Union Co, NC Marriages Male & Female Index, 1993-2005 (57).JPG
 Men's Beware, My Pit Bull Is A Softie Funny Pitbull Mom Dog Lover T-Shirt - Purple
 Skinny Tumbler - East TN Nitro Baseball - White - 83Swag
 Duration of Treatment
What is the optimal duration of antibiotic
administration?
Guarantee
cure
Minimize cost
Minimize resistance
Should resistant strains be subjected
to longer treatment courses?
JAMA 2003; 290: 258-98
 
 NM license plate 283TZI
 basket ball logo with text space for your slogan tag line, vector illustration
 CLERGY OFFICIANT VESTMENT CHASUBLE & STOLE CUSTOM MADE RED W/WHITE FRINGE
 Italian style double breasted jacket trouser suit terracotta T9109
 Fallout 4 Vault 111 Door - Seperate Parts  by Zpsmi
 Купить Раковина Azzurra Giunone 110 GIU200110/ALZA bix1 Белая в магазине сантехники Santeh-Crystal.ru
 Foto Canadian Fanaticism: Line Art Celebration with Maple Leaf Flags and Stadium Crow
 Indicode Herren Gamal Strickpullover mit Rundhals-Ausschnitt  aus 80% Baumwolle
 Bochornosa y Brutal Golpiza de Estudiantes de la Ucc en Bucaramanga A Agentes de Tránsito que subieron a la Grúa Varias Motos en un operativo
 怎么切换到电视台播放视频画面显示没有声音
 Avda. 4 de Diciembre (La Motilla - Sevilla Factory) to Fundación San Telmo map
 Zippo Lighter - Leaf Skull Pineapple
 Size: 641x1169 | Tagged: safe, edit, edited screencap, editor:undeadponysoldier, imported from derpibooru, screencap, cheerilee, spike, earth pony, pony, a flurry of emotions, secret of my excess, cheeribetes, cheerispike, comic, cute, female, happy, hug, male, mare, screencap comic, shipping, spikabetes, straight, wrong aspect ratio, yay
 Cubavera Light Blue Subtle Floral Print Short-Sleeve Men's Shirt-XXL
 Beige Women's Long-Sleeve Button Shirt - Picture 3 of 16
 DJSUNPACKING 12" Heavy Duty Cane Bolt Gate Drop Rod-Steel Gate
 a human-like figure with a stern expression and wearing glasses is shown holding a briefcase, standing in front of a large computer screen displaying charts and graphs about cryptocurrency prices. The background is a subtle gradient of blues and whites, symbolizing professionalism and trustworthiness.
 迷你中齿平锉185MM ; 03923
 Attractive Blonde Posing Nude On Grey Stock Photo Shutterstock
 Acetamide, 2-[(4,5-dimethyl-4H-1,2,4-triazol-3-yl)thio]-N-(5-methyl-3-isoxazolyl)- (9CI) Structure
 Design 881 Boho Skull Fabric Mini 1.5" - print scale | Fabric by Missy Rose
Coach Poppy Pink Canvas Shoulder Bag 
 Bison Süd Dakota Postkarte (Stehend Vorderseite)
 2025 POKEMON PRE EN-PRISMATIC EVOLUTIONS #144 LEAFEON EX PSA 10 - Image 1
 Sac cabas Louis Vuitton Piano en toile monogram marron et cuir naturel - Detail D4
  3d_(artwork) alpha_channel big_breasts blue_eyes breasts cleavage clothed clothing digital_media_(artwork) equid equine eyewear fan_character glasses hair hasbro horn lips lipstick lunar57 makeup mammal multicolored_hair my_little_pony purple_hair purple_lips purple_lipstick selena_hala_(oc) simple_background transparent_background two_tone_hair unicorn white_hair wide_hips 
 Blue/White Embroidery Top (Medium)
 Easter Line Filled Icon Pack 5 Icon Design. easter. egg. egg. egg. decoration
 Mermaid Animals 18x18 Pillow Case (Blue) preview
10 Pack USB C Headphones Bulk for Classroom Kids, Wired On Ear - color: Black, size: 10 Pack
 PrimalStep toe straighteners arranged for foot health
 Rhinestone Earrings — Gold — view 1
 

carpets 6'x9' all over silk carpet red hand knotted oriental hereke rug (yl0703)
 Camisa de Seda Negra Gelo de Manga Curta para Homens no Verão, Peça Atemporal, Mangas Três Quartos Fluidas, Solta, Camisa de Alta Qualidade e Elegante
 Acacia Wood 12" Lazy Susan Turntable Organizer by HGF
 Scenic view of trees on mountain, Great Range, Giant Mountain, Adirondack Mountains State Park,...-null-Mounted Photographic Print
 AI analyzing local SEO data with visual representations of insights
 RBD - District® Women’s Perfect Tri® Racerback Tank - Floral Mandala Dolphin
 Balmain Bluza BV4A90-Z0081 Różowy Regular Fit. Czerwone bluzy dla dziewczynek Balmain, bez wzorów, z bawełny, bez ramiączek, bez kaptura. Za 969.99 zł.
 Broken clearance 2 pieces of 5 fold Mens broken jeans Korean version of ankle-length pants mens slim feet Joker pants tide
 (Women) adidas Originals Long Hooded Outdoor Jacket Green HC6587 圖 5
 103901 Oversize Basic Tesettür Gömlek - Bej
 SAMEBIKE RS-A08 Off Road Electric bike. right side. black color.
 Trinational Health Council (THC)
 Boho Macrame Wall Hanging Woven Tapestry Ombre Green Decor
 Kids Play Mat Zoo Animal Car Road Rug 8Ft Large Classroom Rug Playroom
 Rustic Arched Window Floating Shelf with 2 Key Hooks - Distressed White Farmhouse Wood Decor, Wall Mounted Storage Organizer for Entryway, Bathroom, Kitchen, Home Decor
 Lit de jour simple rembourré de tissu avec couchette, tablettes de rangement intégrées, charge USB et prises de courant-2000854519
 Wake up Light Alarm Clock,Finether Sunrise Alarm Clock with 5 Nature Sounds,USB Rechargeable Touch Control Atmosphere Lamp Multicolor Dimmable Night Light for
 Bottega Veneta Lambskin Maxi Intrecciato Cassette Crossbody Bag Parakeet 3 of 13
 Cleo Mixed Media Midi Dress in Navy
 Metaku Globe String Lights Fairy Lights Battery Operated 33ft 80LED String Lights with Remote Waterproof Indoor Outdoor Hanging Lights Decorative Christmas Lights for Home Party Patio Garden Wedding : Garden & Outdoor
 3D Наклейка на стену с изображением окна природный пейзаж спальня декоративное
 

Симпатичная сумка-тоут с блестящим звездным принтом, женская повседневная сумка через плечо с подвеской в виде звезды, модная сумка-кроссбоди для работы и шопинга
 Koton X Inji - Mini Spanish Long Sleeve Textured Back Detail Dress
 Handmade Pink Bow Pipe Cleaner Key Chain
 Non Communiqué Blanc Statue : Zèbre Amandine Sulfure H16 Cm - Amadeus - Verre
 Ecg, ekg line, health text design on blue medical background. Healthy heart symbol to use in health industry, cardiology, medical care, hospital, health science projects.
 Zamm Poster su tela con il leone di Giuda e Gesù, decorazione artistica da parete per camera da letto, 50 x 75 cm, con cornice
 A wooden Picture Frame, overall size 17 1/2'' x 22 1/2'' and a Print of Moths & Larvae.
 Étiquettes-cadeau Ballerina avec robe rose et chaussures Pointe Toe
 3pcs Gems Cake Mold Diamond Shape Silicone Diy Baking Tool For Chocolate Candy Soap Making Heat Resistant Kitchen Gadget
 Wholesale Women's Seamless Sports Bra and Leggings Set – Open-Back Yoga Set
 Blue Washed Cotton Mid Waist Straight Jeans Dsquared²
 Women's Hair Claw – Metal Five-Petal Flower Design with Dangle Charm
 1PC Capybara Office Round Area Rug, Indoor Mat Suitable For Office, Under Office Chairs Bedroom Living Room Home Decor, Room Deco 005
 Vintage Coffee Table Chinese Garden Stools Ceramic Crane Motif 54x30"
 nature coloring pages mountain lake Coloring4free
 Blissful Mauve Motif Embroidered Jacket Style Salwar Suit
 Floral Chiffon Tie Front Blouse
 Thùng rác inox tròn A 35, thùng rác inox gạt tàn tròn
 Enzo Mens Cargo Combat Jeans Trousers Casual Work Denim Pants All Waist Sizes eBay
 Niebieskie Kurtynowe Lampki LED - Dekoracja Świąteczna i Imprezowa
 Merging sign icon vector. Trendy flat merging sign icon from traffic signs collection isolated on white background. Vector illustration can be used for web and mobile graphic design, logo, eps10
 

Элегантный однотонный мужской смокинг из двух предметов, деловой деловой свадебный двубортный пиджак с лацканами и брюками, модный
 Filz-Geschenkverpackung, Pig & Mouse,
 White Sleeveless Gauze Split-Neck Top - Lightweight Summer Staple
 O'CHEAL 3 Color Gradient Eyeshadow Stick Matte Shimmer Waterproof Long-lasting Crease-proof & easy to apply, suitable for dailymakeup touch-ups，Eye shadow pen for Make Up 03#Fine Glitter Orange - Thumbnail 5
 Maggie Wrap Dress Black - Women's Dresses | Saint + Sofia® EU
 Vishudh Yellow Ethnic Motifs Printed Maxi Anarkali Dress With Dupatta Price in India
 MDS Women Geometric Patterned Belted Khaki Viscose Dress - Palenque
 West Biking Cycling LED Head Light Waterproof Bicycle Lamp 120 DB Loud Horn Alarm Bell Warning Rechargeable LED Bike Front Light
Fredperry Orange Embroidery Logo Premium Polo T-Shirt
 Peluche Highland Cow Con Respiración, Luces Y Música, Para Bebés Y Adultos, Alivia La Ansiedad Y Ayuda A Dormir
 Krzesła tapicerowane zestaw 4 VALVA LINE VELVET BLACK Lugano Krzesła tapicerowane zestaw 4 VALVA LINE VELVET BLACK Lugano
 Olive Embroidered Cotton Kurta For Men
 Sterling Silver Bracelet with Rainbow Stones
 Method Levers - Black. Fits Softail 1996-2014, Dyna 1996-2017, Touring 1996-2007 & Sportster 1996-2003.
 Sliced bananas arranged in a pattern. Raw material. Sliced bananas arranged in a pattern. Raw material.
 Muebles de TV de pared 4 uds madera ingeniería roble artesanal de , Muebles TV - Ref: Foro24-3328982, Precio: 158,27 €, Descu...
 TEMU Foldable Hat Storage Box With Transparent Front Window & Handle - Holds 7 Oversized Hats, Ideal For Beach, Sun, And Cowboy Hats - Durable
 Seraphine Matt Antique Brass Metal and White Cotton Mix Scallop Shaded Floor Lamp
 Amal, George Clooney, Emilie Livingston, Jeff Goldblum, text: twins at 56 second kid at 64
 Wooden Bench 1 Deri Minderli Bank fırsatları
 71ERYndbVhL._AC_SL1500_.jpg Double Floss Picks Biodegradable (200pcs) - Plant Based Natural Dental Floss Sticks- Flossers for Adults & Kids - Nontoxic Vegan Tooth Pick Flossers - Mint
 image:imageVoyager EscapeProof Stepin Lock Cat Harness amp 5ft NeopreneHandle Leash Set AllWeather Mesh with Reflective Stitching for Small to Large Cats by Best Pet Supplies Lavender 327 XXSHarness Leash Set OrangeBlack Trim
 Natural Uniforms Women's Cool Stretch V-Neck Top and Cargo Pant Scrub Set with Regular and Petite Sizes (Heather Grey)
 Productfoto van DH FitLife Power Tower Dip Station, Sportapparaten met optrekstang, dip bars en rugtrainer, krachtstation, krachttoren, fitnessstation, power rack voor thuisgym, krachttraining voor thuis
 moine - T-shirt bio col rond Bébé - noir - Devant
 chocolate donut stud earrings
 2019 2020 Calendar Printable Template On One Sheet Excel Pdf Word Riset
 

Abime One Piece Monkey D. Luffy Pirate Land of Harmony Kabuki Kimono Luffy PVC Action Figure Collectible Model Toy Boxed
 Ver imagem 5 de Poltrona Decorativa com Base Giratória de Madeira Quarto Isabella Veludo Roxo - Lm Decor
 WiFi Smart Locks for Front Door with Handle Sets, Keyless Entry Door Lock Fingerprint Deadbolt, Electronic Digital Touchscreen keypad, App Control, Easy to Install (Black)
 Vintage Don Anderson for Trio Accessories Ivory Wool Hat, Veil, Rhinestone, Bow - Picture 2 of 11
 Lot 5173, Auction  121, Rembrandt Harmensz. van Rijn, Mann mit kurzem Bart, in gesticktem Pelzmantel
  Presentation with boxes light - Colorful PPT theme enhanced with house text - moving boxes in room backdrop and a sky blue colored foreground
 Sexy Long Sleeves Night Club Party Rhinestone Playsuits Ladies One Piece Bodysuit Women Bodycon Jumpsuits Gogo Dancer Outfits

::::::

■ Work to complete
Only the number is wanted: how many lines in the entries above contain the string "Maxi"?

■ Final answer
2